The Seldom Seen Kid
Elbow
Score:89
Reviewer: Ed Butler
Label: Polydor (USA, UK & Australia)
Reviewed: Apr 21st '08, Released:2008
Elbow are the unassuming, overachieving older brother of the indie music scene. Their orchestral, ambitious brand of library-rock has, across the release of four albums over seven years, acted as a definitive lesson in mature creativity. That this sustained magnificence has not resulted in massive record sales remains a crime of the highest order.

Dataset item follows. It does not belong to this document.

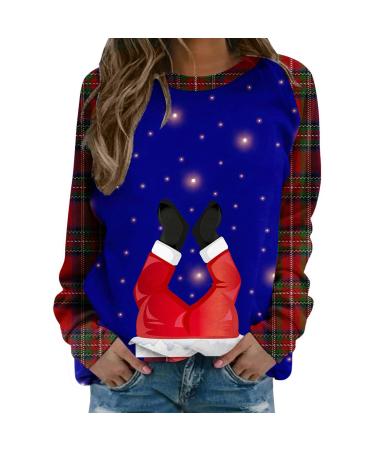 Women's Christmas Sweatshirts Cute Snowman Penguin Print O-Neck Raglan Top Shirt Pullover Comfy Warm Xmas Jumper Winter Long Sleeve Tops Loose Tunic Top Sweaters Z11-dark Blue L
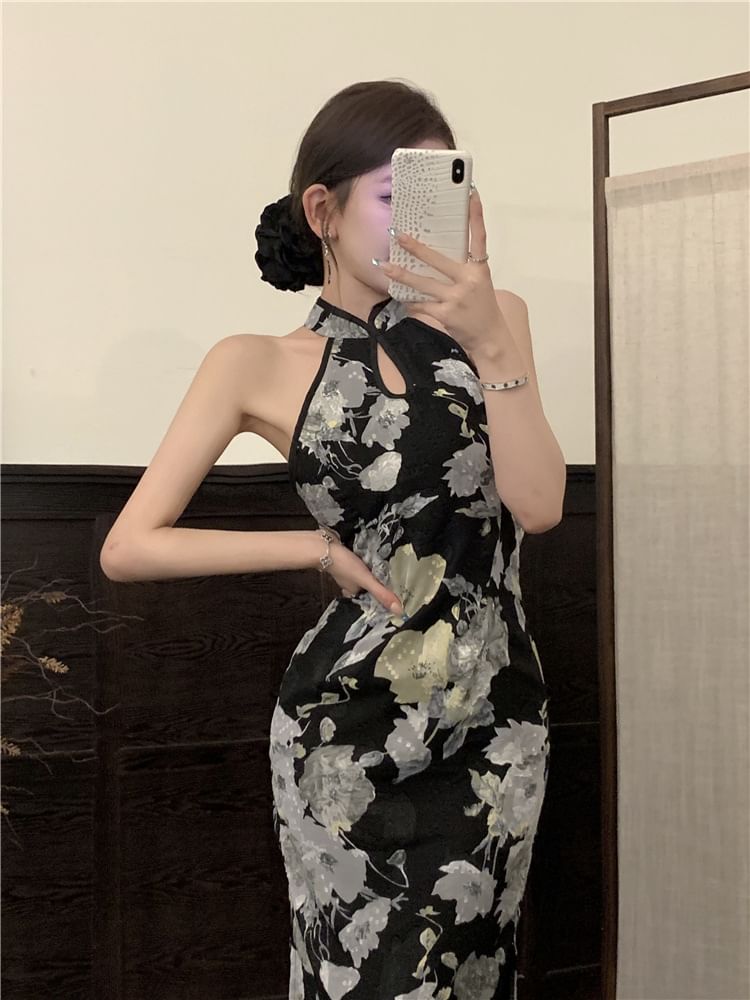 Halter Neck Stand Collar Floral Print Cutout Slit Midi Bodycon Dress SpreePicky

There has always been a pervasive sense about Elbow’s music that it is much more the result of perspiration rather than inspiration. It was as if they made music by the rules, creating magic by following those structures so rigorously that flaws were rarely evident. A string section here, a judiciously selected backing vocal there, Elbow crafted songs, slowly and purposefully, flashes of brilliance the result of meticulous planning.
As such, The Seldom Seen Kid demonstrates that Elbow have, if nothing else, learned with each successive release ways to improve that songcraft, building onto their already bulging repertoire with flourishes tossed in to accompany the ever-growing list of genres at their beck and call.
This, the latest effort, sees Elbow incorporating electronica (‘Starlings’) and flamenco guitar (‘The Bones of You’), while retaining a little bit of everything that was Elbow in the past. Highlights are almost too numerous to mention, short of posting the tracklisting in its totality, but the sweeping strings on ‘Mirrorball’ and the driving rock of opening single ‘Grounds for Divorce’ are standouts.
But it is on album closer ‘Friend of Ours’ that Elbow prove their true worth. A tribute to close friend of the band, Manchester musician Brian Glancy, it is a study in masculine friendship and grief, with lyrics so moving it is worth reprinting them in their entirety. “Before leaving get to the bar/No one round here makes you pay/Never very good at goodbyes/So (gentle shoulder charge) Love you mate/Salford skyline blue/Always you/Could fly round the corner/’Til you do, love you mate.” As it is sung, strings swell, and eyes moisten. Elbow remain understated, undervalued and overachieving. This is a stunning album.